In Cuba zijn de nachten wel érg donker als de stroom weer is uitgevallen – toch gaat het dagelijks leven zo veel mogelijk door. Inwoners vinden geroutineerd hun weg in het pikdonker, fietsers doemen op uit het zwart, bij het schijnsel van zaklampen hangen kinderen op straat.
Tegelijk lijkt de stroomstoring ook intimiteit te scheppen: een priester neemt de kans te baat om bij kaarslicht de bijbel open te slaan en leest over het ontstaan van licht en donker, een oude blinde zanger speelt gitaar voor zijn vrouw in hun slaapkamer, een jongen en zijn leraar spelen bij schemerlicht eindeloos potjes schaak, een visser gaat onverstoorbaar het water in met een lantaarn. Koplampen van langsrijdende auto’s werpen grillige lichtflitsen over de in duisternis gehulde huizen, waar binnen bij het licht van draagbare lantaarns wordt gezongen en gepraat.

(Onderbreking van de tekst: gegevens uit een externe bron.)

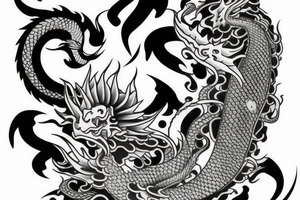 Full arm sleeve with a dragon and koi fish tattoo idea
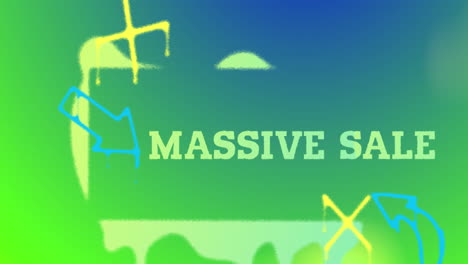 animation of massive sale text and shapes on colourful background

Er zit er niets anders op dan de tijd te doden, wachten tot een nieuwe dag aanbreekt en de elektra weer werkt. De dromerige zwart-witbeelden van uiteenlopende taferelen en mysterieuze geluiden maken van het ergerlijke ongemak van elektriciteitsuitval een mysterieus spel met schaduwen, schimmen en schijnsels.